Re: [PATCH] mm: fix boundary checking in free_bootmem_core

All of lore.kernel.org
 help / color / mirror / Atom feed

From: Andrew Morton <akpm@linux-foundation.org>
To: "Yinghai Lu" <yhlu.kernel@gmail.com>
Cc: andi@firstfloor.org, ak@suse.de, mingo@elte.hu, clameter@sgi.com,
	linux-kernel@vger.kernel.org, y-goto@jp.fujitsu.com,
	kamezawa.hiroyu@jp.fujitsu.com
Subject: Re: [PATCH] mm: fix boundary checking in free_bootmem_core
Date: Fri, 21 Mar 2008 12:44:04 -0700	[thread overview]
Message-ID: <20080321124404.f9d74052.akpm@linux-foundation.org> (raw)
In-Reply-To: <86802c440803141036m4a508a91o2cf6706157231429@mail.gmail.com>

On Fri, 14 Mar 2008 10:36:52 -0700
"Yinghai Lu" <yhlu.kernel@gmail.com> wrote:

> On Fri, Mar 14, 2008 at 9:53 AM, Andi Kleen <andi@firstfloor.org> wrote:
> > On Fri, Mar 14, 2008 at 09:44:50AM -0700, Yinghai Lu wrote:
> >  > On 14 Mar 2008 12:58:44 +0100, Andi Kleen <andi@firstfloor.org> wrote:
> >  > > "Yinghai Lu" <yhlu.kernel@gmail.com> writes:
> >  > >  >
> >  > >  > then i tried to reserve 64M or 128M RAM before that, and free that
> >  > >  > before gart/switotble try to allloc_bootmem under 4g.
> >  > >
> >  > >  Sounds like an incredible hack.
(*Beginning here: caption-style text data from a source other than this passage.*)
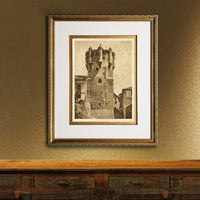 The Tower of the Treasurer, Salamanca Framed Prints Art Gifts Antique Europe Illustrations Vertical Wall Art Picture Frames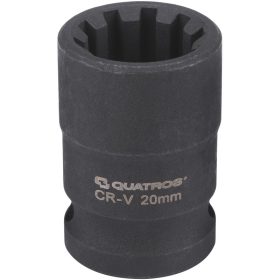 Féknyereg dugókulcs 1/2" 20mm 10 szögű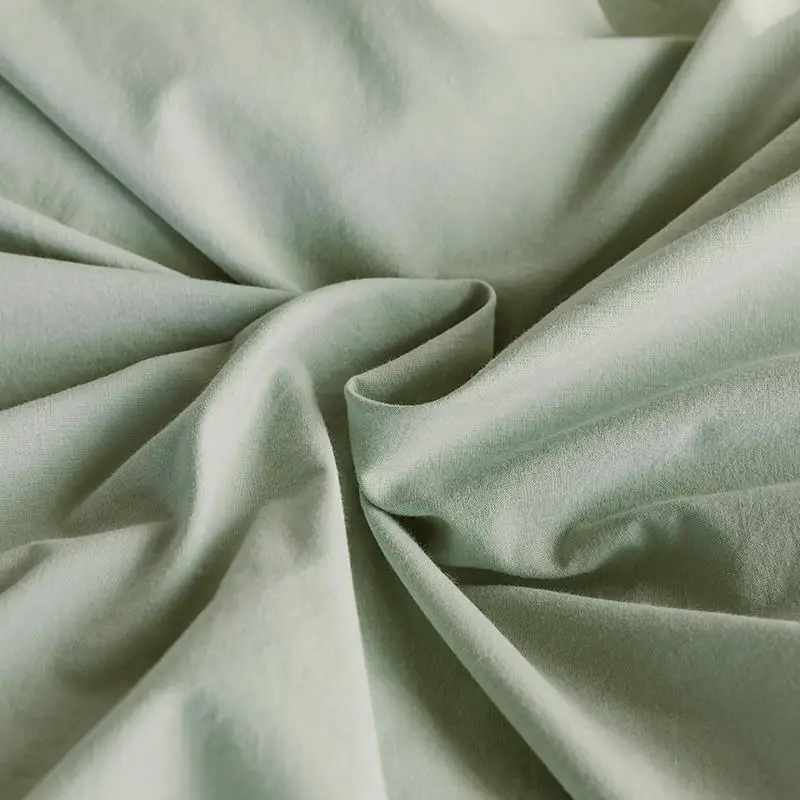 2020 Two color crash Bedding Sets Water green/grey Bed Set Washed cotton Business/home bed linen single/double | Дом и сад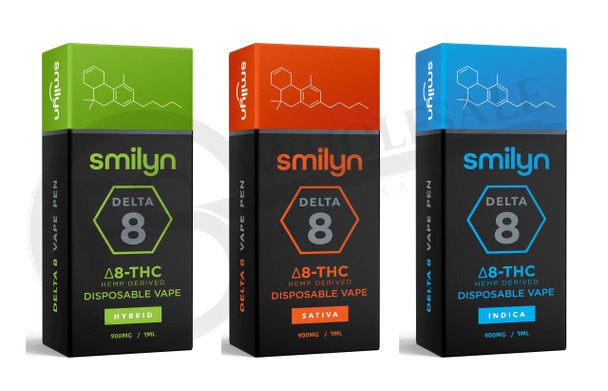 SMILYN - DELTA 8 DISPOSABLE DEVICE 900MG | SINGLE (MSRP $)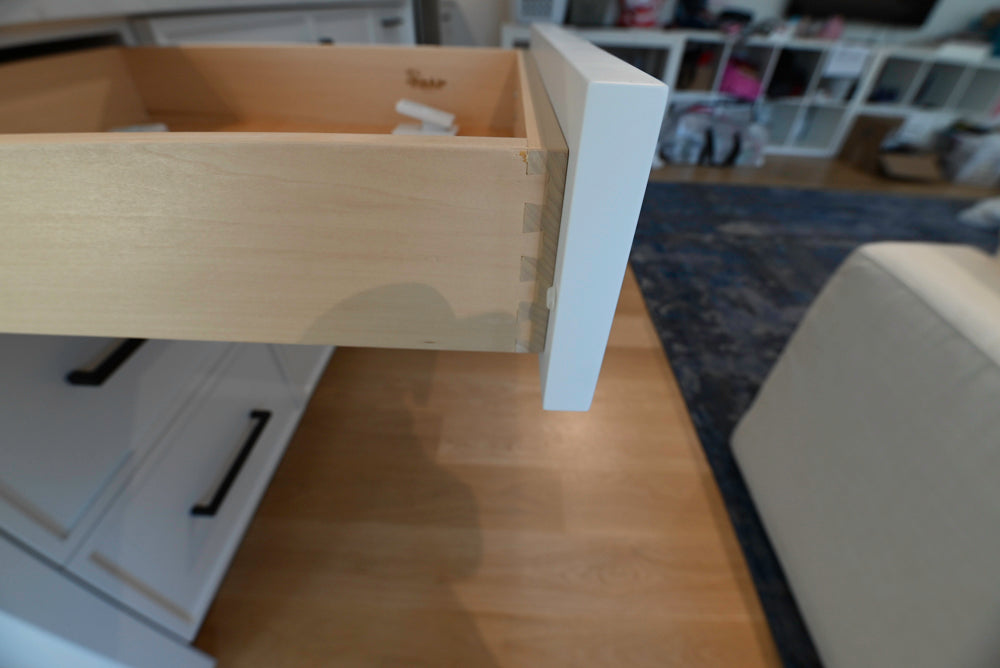 Rein & Jac Transitional White & Oak Kitchenette with Sink & Faucet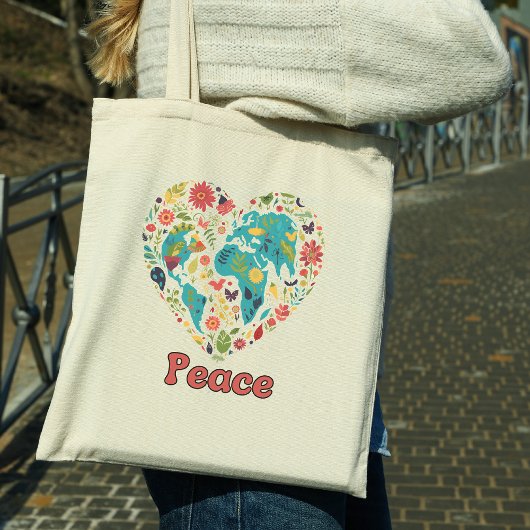 Peace Canvas tas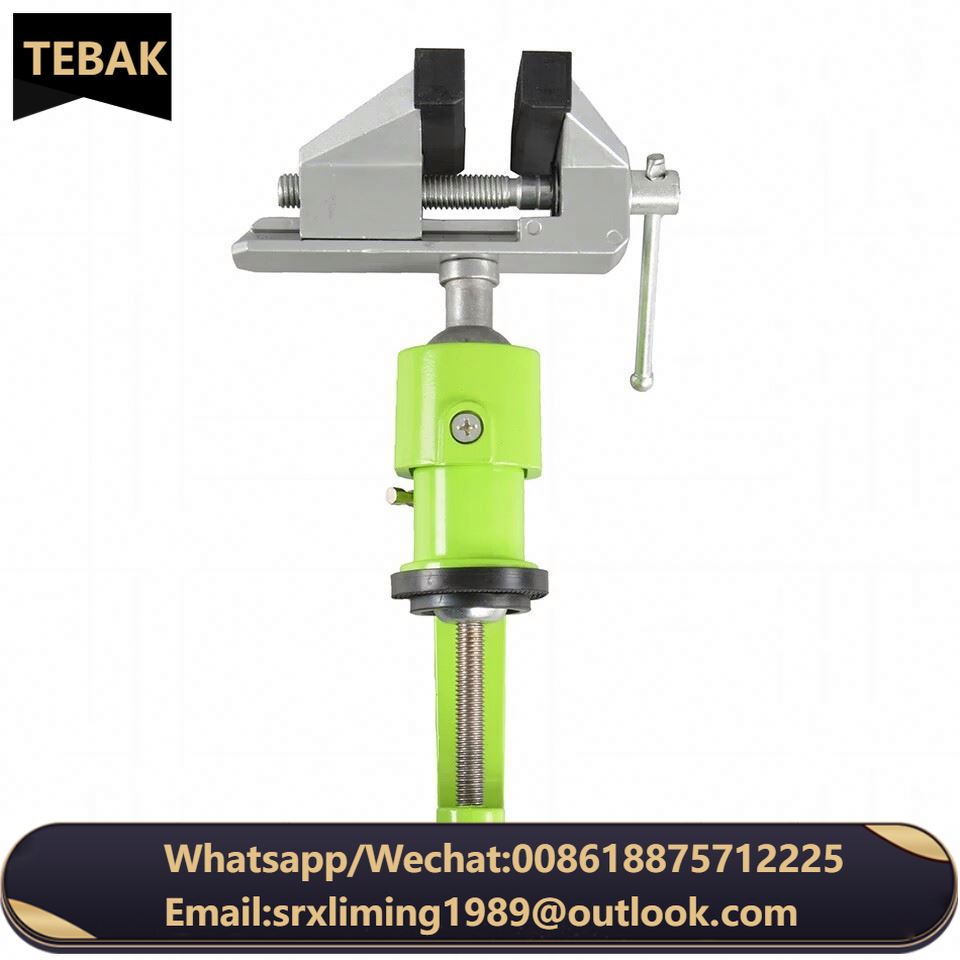 TEBAK 360 Degree Rotation Micro  DIY Tools Mini Universal Table Vice Small Table Vice 360 Degree Rotation Micro Vice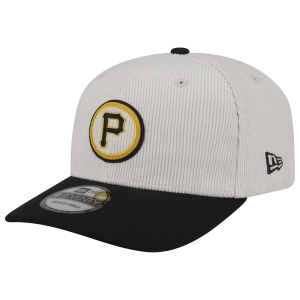 New Era Pirates 9Seventy Cord Loyal Cap - Adult - White/Black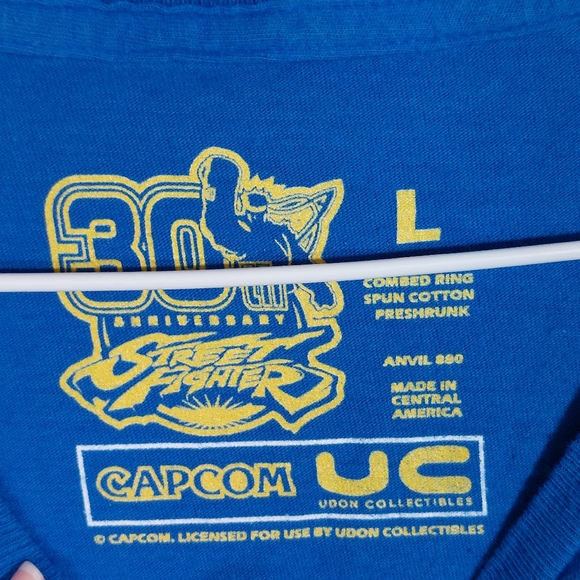 Street Fighter II Chun Li 30th Anniversary Strongest Woman Capcom Large T-shirt - Picture 3 of 6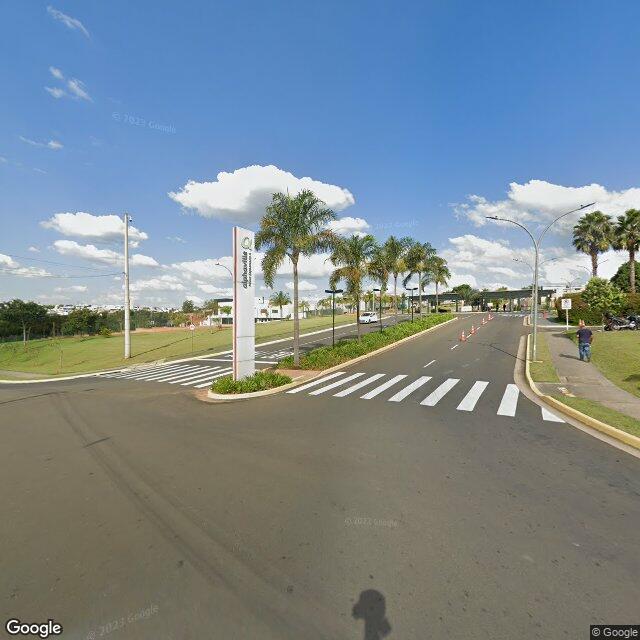 Imagem estática do "Street View" da localização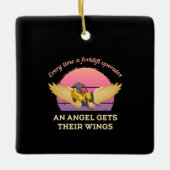 Forklift Angel Keramisch Ornament (Voorkant)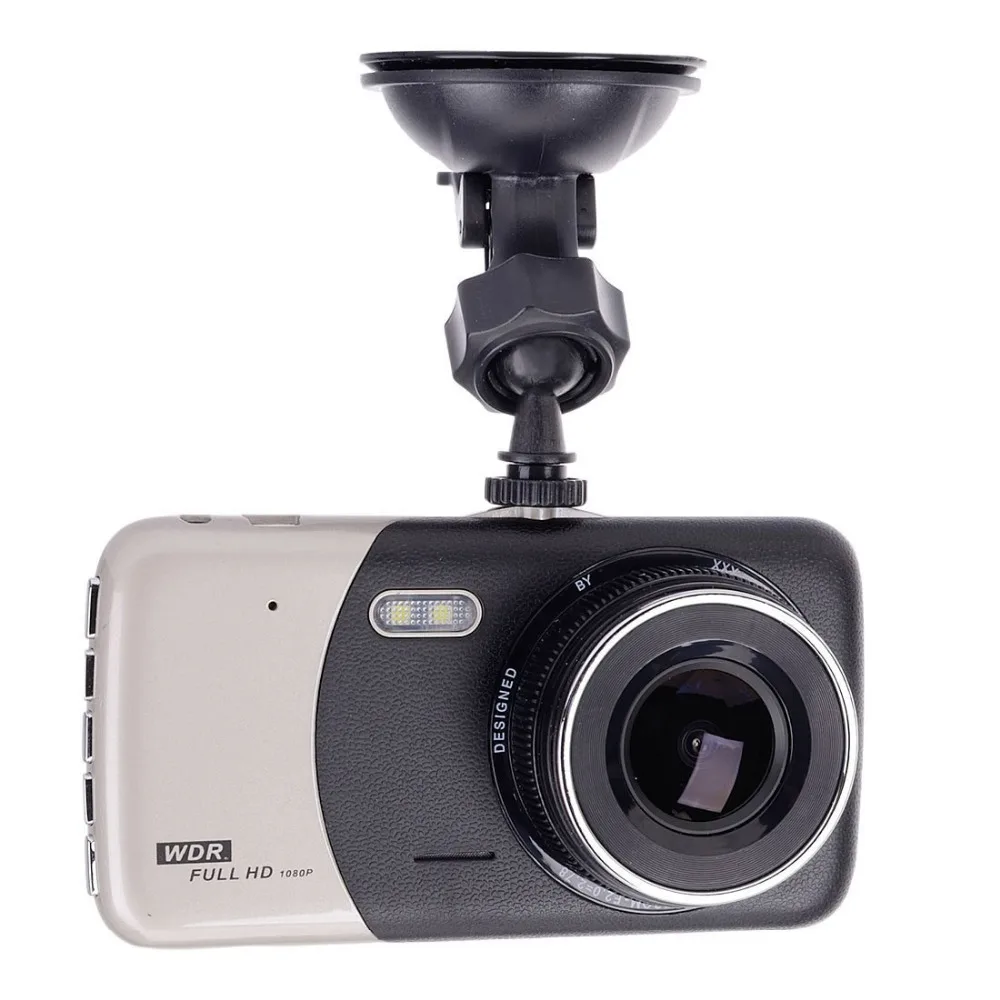 Автомобильный видеорегистратор с двумя объективами X600 WDR Full HD 1080 P, Автомобильный видеорегистратор, видеорегистратор, 4,0 дюймов, TFT, авто видео регистратор, 170 градусов, широкий обзор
There are far better ways to do that
> >  > >  for bootmem allocations. e.g. you can just specify a high enough "goal"
> >  > >  That is how swiotlb solves a similar problem (at least before my
> >  > >  mask allocator rewrite)
> >  >
> >  > I don't think so.
> >  >
> >  > anyway, otherway to workaround it is
> >  > change
> >  >                 return __earlyonly_bootmem_alloc(node, size, size,
> >  >                                 __pa(MAX_DMA_ADDRESS));
> >  > in vmemmap_alloc_block to
> >  >                 return __earlyonly_bootmem_alloc(node, size, size,
> >  >                                 __pa(MAX_DMA_ADDRESS + (1<<27)));
> >  > to make room for gart. but that is global change. and may affect other
> >  > platform.
> >
> >  You can just make it an optional architecture defined macro
> it is hard to use MACRO, if someone have allsysconfig, that will make
> kernel code use a lot.
> >
> >
> >  > and don't make sure gart will get it.
> >
> >  Has nothing to do with the gart?
> >
> >
> >
> >  >
> >  > also i assume swiotlb need that range is less than 4g.
> >
> >  The normal rule is that anybody who needs big bootmem allocations
> >  need to make sure they're high enough to not fill up first 4GB.
> >  For small allocations like most of bootmem it doesn't matter because
> >  they're, um, small.
> >
> >  If vmemmap doesn't do that vmemmap needs to be fixed.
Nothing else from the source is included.